### WHAT YOU SHOULD DO
Leaving out the pictures, return each line of the entries from the first through the line with "Tropiscape Women's Hand-Woven", and only those lines.

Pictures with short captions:
________________________
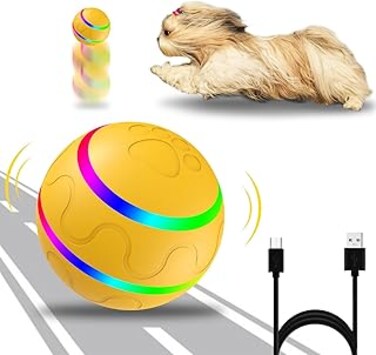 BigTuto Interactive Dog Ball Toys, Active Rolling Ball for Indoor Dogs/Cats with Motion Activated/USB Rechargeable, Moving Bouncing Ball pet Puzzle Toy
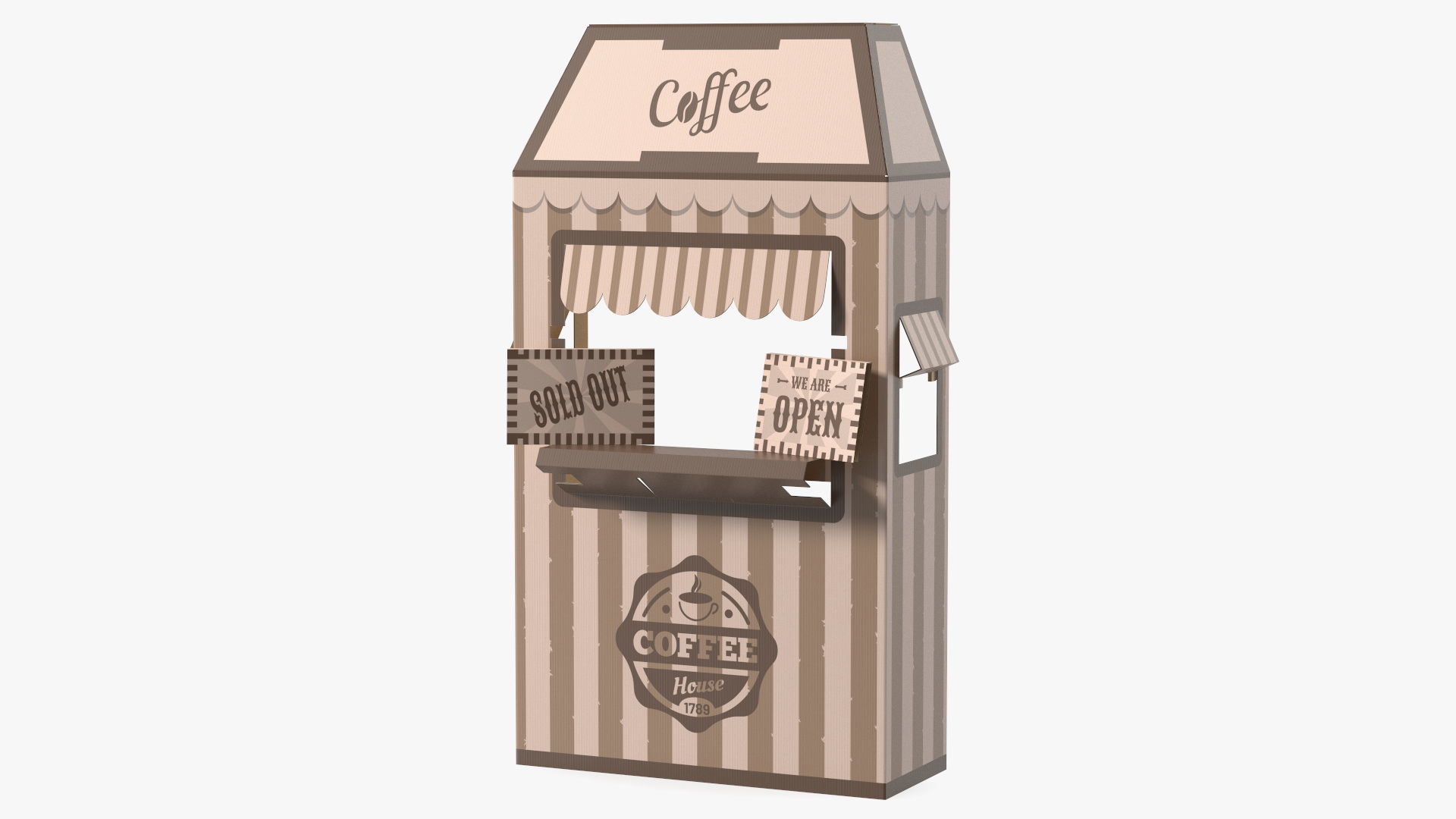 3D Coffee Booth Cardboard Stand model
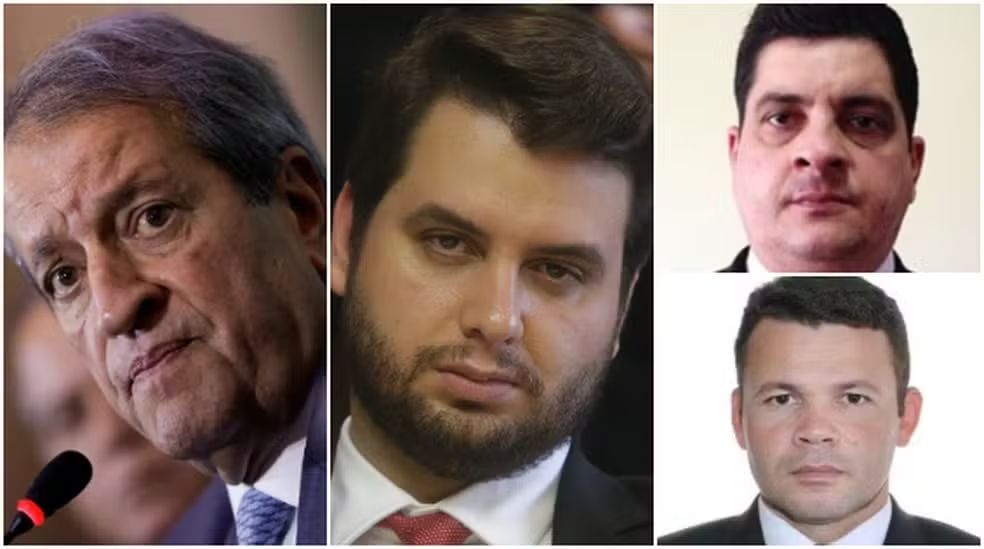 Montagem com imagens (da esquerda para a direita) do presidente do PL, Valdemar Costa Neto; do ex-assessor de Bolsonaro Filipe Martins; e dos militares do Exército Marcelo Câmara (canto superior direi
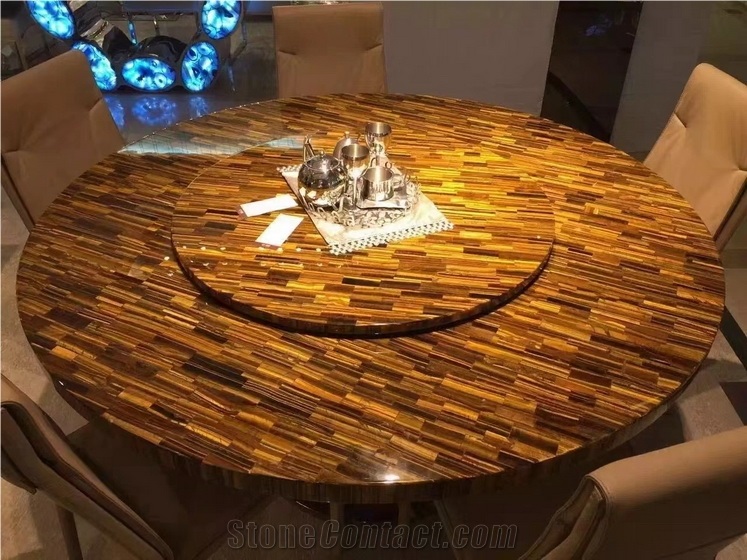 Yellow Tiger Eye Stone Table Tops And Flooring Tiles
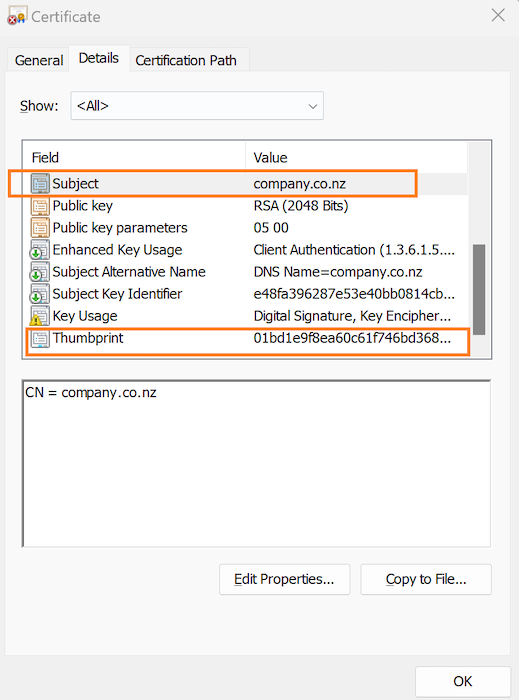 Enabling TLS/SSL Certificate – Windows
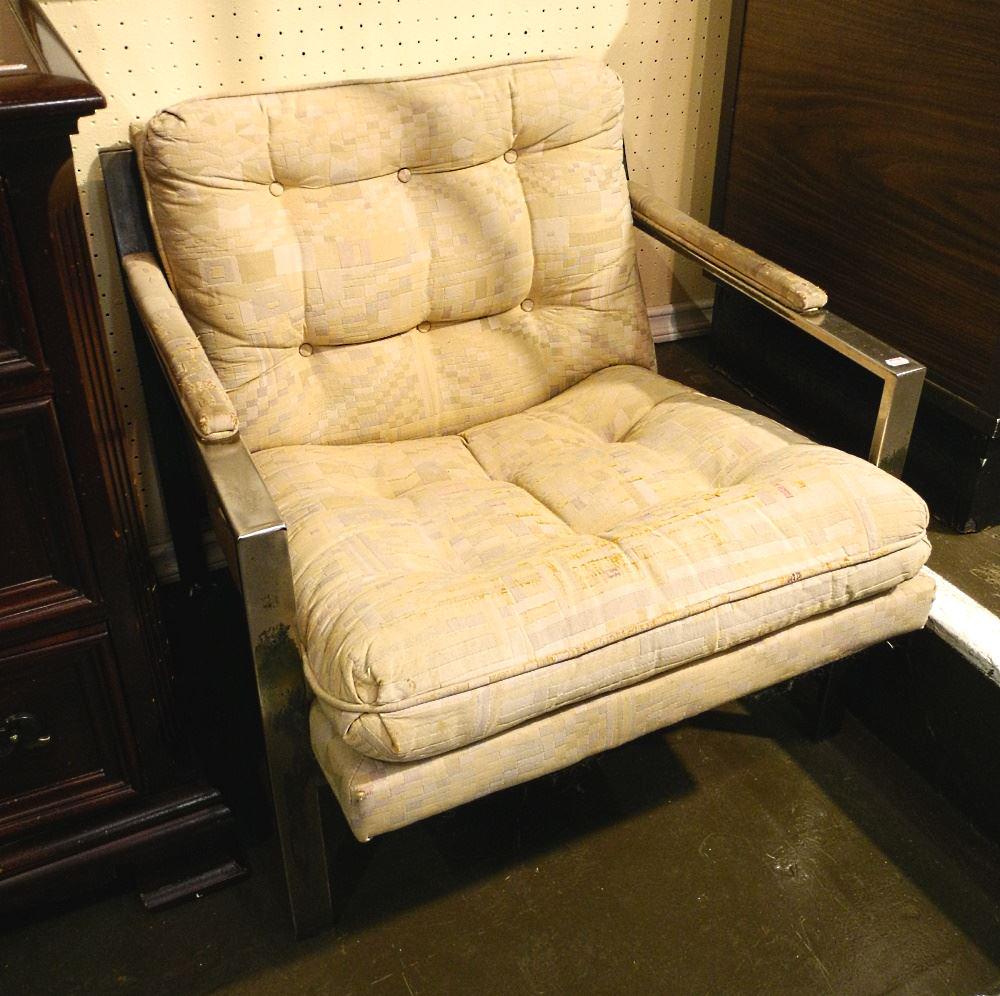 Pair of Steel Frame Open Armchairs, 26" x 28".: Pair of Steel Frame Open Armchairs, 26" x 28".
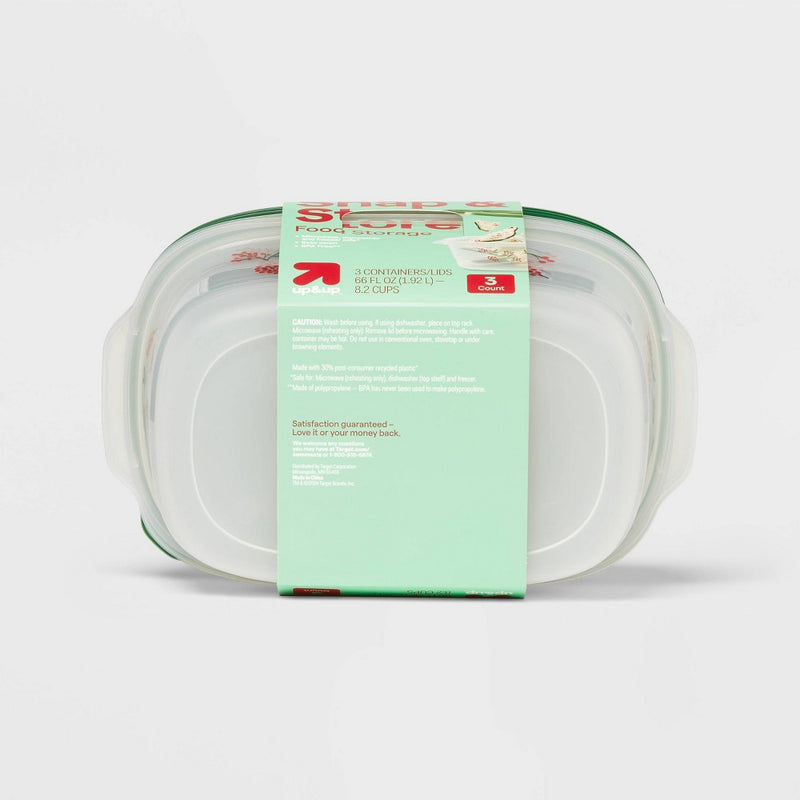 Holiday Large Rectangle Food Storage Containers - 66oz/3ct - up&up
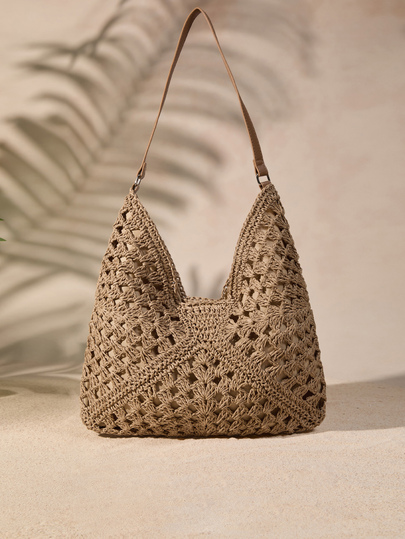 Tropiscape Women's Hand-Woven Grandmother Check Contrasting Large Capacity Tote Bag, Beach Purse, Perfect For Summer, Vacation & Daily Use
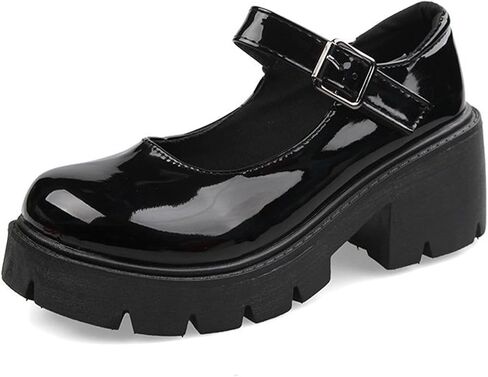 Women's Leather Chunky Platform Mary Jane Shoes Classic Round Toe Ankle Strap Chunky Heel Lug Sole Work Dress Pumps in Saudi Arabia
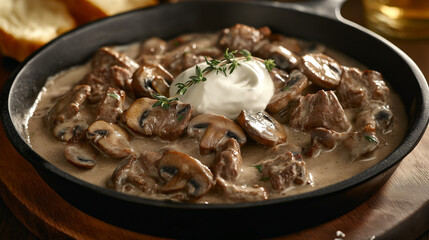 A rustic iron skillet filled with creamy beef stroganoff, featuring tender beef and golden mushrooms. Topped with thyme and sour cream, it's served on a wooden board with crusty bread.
________________________
### ANSWER SECTION
 BigTuto Interactive Dog Ball Toys, Active Rolling Ball for Indoor Dogs/Cats with Motion Activated/USB Rechargeable, Moving Bouncing Ball pet Puzzle Toy
 3D Coffee Booth Cardboard Stand model
 Montagem com imagens (da esquerda para a direita) do presidente do PL, Valdemar Costa Neto; do ex-assessor de Bolsonaro Filipe Martins; e dos militares do Exército Marcelo Câmara (canto superior direi
 Yellow Tiger Eye Stone Table Tops And Flooring Tiles
 Enabling TLS/SSL Certificate – Windows
 Pair of Steel Frame Open Armchairs, 26" x 28".: Pair of Steel Frame Open Armchairs, 26" x 28".
 Holiday Large Rectangle Food Storage Containers - 66oz/3ct - up&up
 Tropiscape Women's Hand-Woven Grandmother Check Contrasting Large Capacity Tote Bag, Beach Purse, Perfect For Summer, Vacation & Daily Use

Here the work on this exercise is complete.